The Argentine documentary Pegar la vuelta (Turnaround), written and directed by Nacho Garassino, tells the story of Argentine blues singer María Luz Carballo, who as a teenager left Buenos Aires to pursue her dream of becoming a music star no less than in Chicago, the world’s capital of blues. She spoke no English at all and all she had was her one guitar and the phone number of an important musician whom she’d met in Argentina in a mythical bar in La Boca. He’d told her to look him up if she ever went to the US.
So she did, but the musician never returned her call. Stranded in a foreign country, with no money for a plane ticket return to Argentina, Carballo decided she’d make it anyway — one way or another. So she heads to New York, where she finds shelter in the homes of lower class Latin families while she scrapes a living playing the guitar on the streets. Yet time goes by and her dream is far from coming true, so fed up with such a discouraging scenario, she goes back to Chicago to give it another try.
Sooner rather than later, she manages to meet an assorted array of local characters ranging from the humblest blues musicians to already accomplishe artists with a strong following. As she gets to be known and her music is appreciated, her career starts to take shape, not without a great deal of effort. But, at least, her dream is on the way.

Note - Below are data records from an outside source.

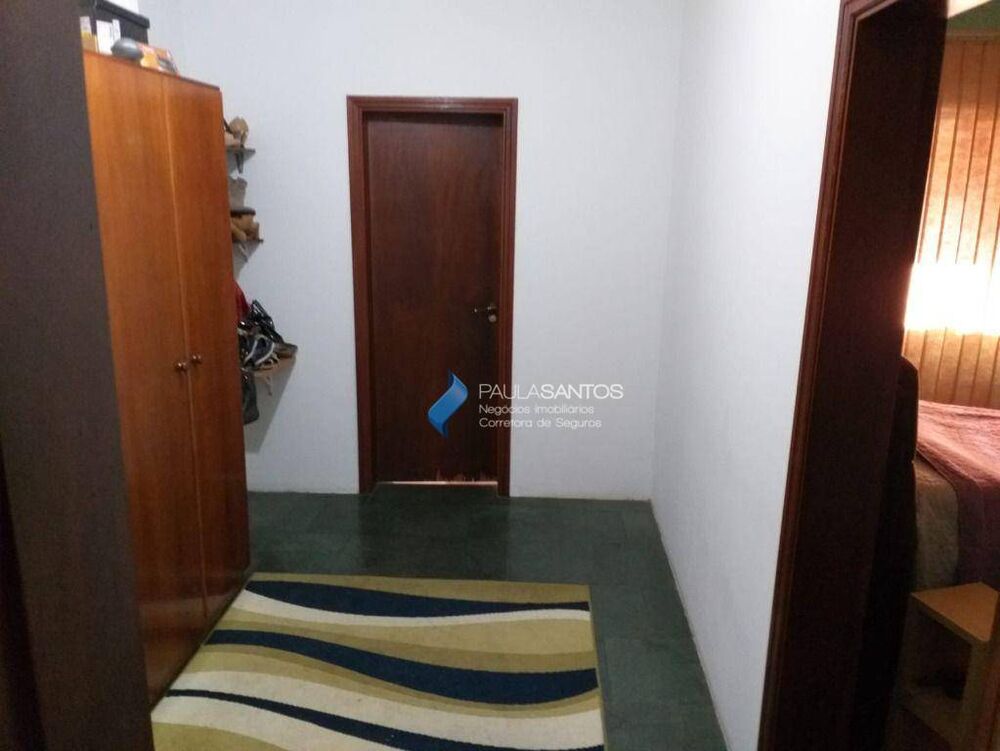 Casa à venda com 4 quartos, 347m² - Foto 16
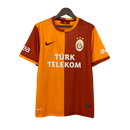 Camisa Retrô Galatasaray 13/14 home - Torcedor - Vermelha e amarela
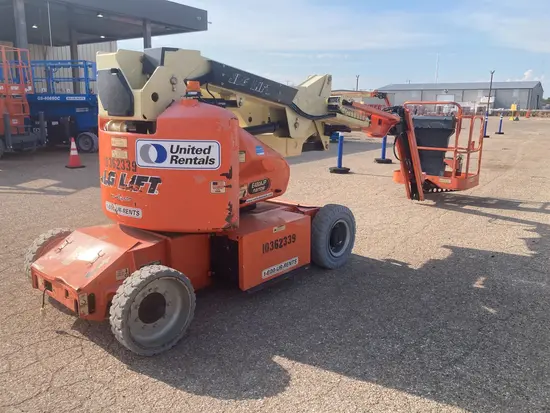 2015 JLG E400AJPN Articulating Boom Lift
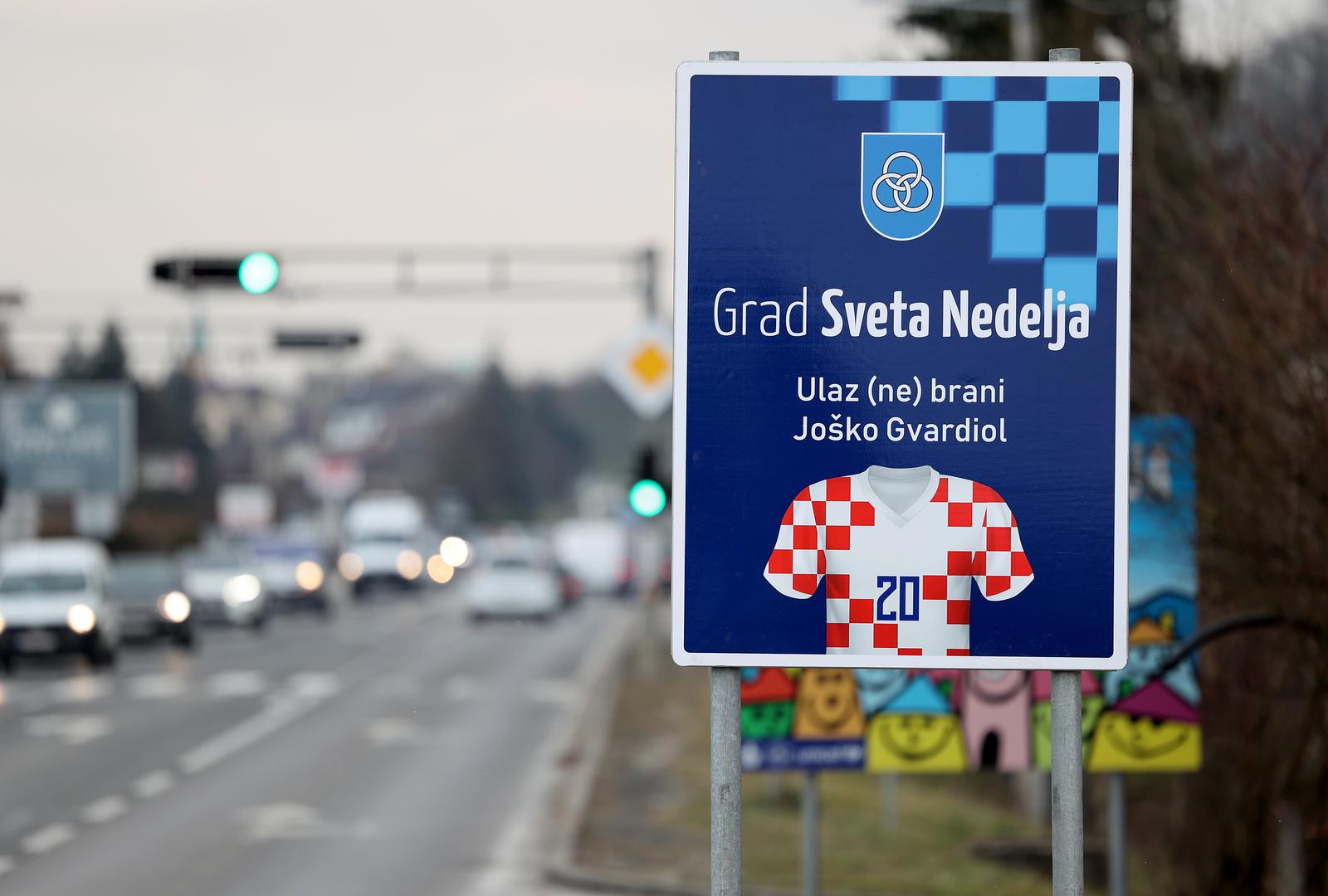 08.02.2023., Sveta Nedelja - Grad Sveta Nedelja postavio je tablu na ulazu u grad u cast nogometasu Josko Gvardiol. Photo: Marko Prpic/PIXSELL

Pegar la vuelta is a documentary that has both some undisputable virtues and undeniable flaws. It has a great potential that’s never nearly fully developed, and yet it’s never treated in a shallow manner either. It’s honest, down-to-earth, unpretentious and, at times, even touching. But from a strictly narrative point of view, it’s sort of chaotic (and not in a good way), it lacks a true dramatic structure, and it’s not as gripping as it could’ve been. Not by a long shot.
Like so many conventional documentaries, it features some archive material of different types, snippets of interviews with those familiar with María Luz and her singing, but mostly it follows its subject around the streets of Chicago. Considering María Luz is so outspoken, witty in a streetwise manner, and very eloquent, then the film’s spirit is lively and, for some time, it’s also entertaining. Many of her interviews’ snippets are very, very enjoyable. But the almost nonexistent dramatic progression begins to take its toll way too early into the film. So not because of its content but of its form, Pegar la vuelta drags and becomes somewhat tedious too often.

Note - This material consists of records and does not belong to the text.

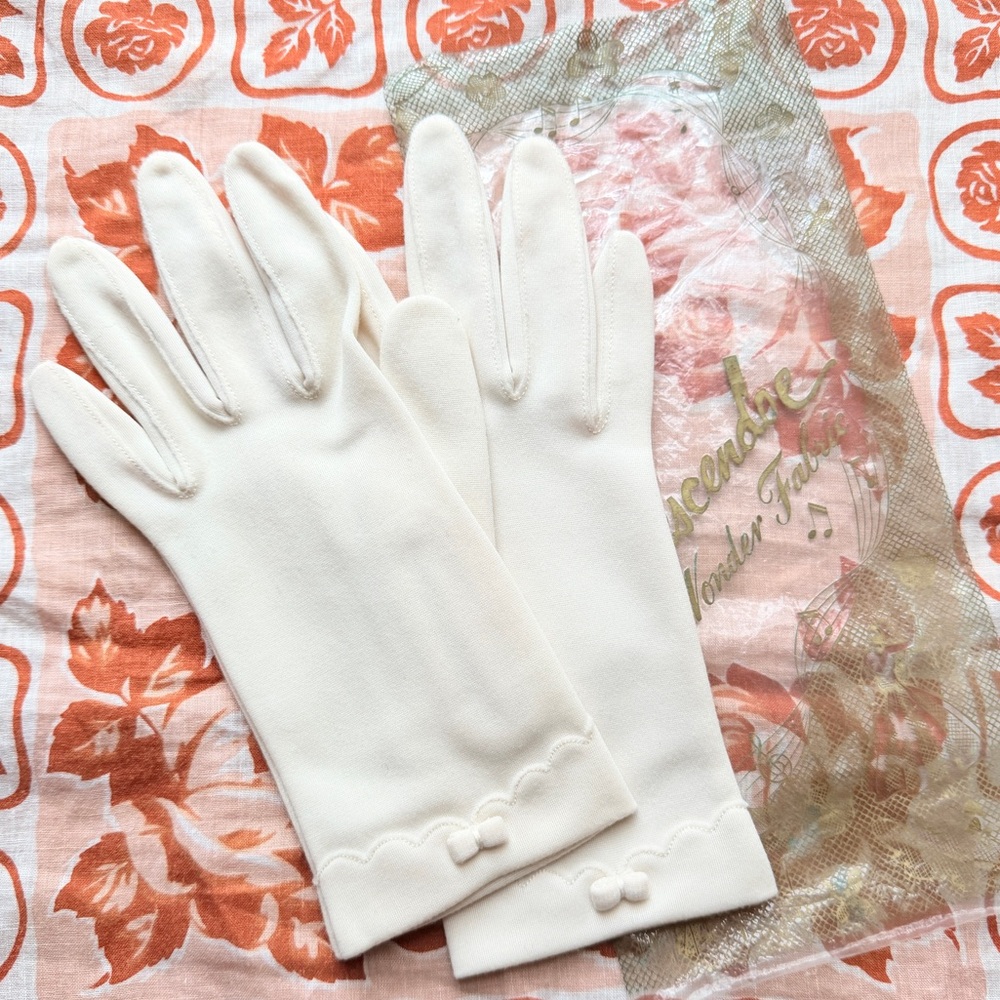 Vintage NWT Gloves With Bow Detail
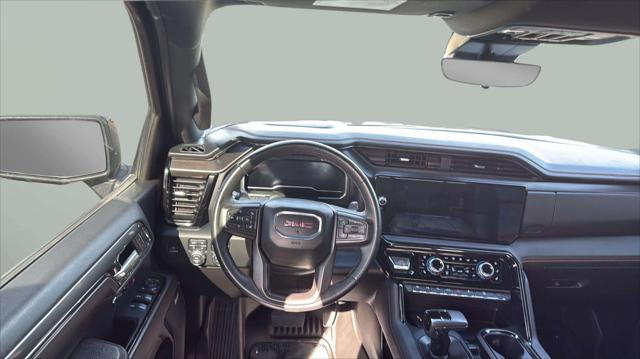 2024 GMC Sierra 1500 4WD Crew Cab Short Box AT4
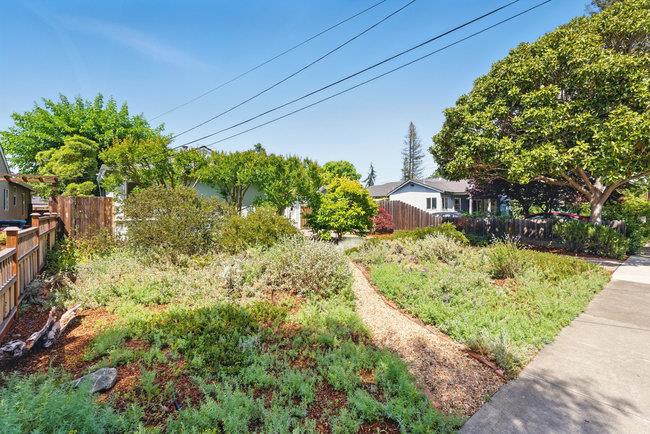 Detail Gallery Image 5 of 31 For 843 15th Ave, Menlo Park,  CA 94025 - 2 Beds | 1 Baths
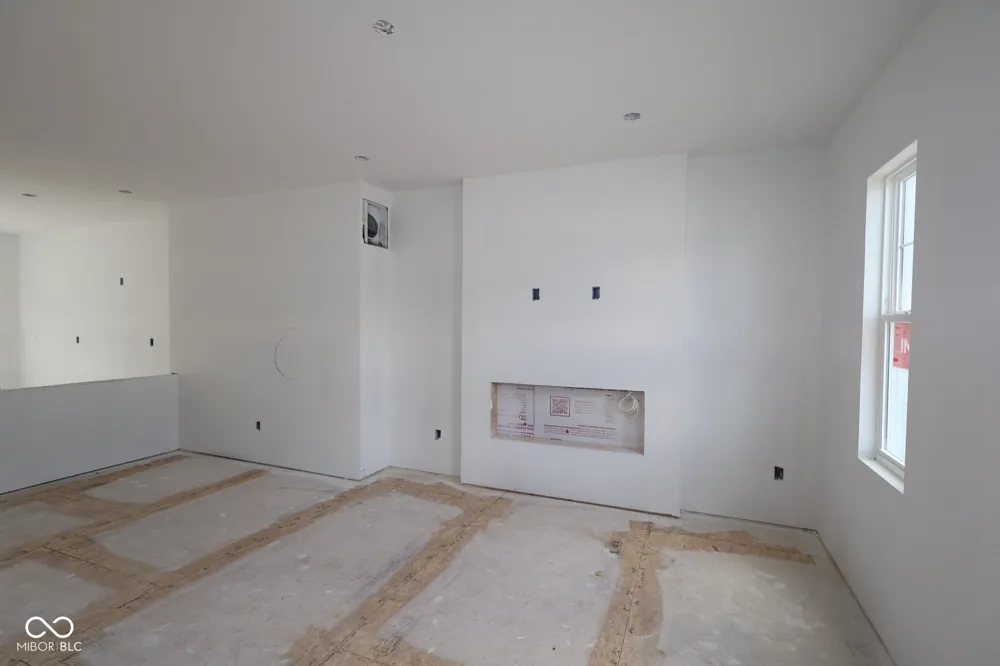 11199 Hobbsbrook Drive Noblesville, IN 46060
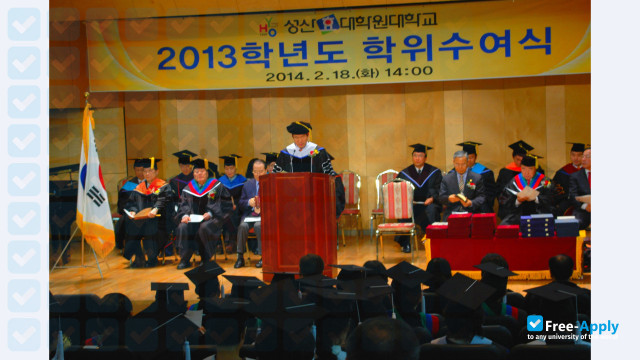 Sung San Hyo Graduate School фотография №1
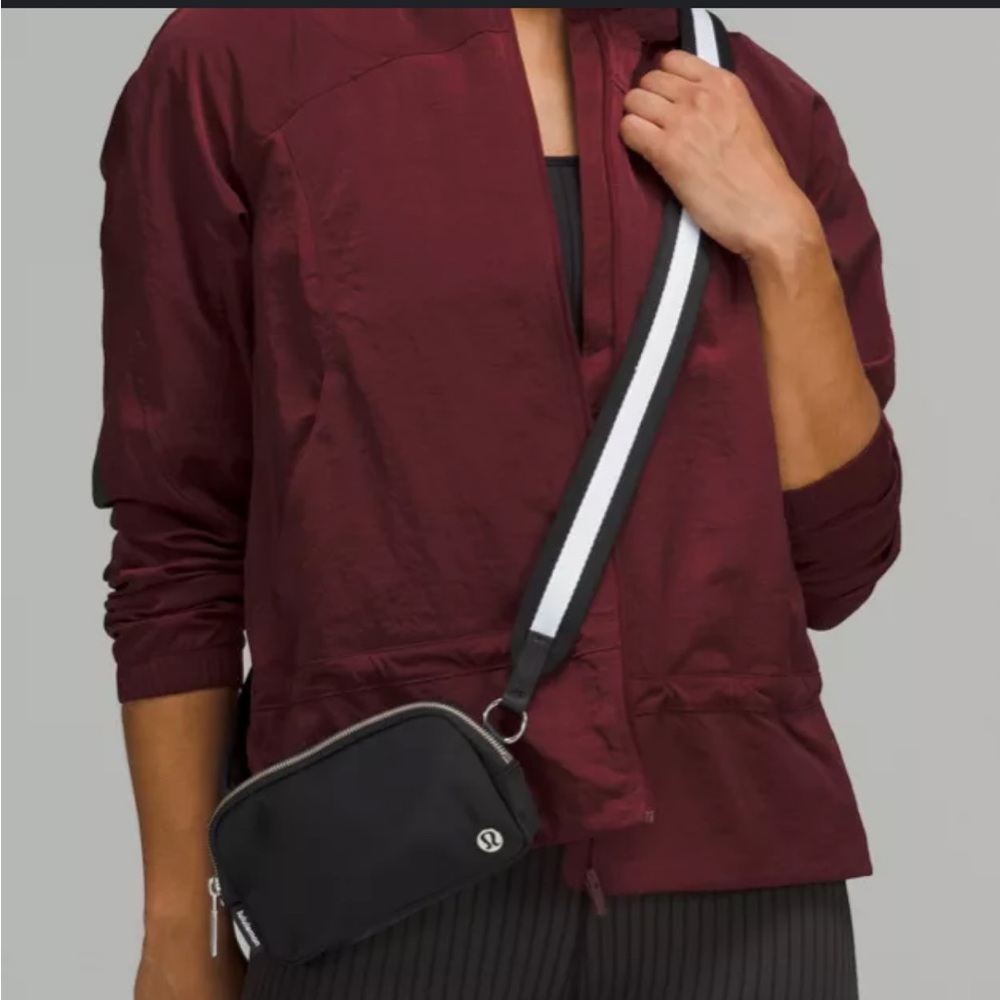 NWOT Black lululemon crossbody bag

And it shouldn’t. Think that Carballo was once the girlfriend of famed Argentine rock star Pappo — and they lived a passionate affair — she played with Argentine musicians such as Luis Salinas, Lito Epumer, and Botafogo (Epumer and Botafogo are featured in the documentary as well), and she played in the US alongside Billy Tranch, Big Ray, Rodney Brown, Chico Banks, and Malvin Taylor. But it’s not only her professional career what’s alluring, it’s also her persona that’s so attractive.
Bottom line: considering the great subject and the potential it held, Pegar la vuelta is rather half-baked and so it misses out on becoming something bigger. Unlike Carballo herself, who made the most starting with very little.
Pegar la vuelta (Argentina, 2015) Written and directed by Nacho Garassino. With Pablo "Sarcofago" Cano, Miguel Vilanova (Botafogo), Lito Epumer, Machi Rufino, Cristian Judurcha, Lindsay Alexander, Ronald Simmons, Nick Charles. Cinematography and editing: Santiago Podestá, Nacho Garassino. Music: María Luz Carballo. Sound: Paula Ramirez. Running time: 70 minutes.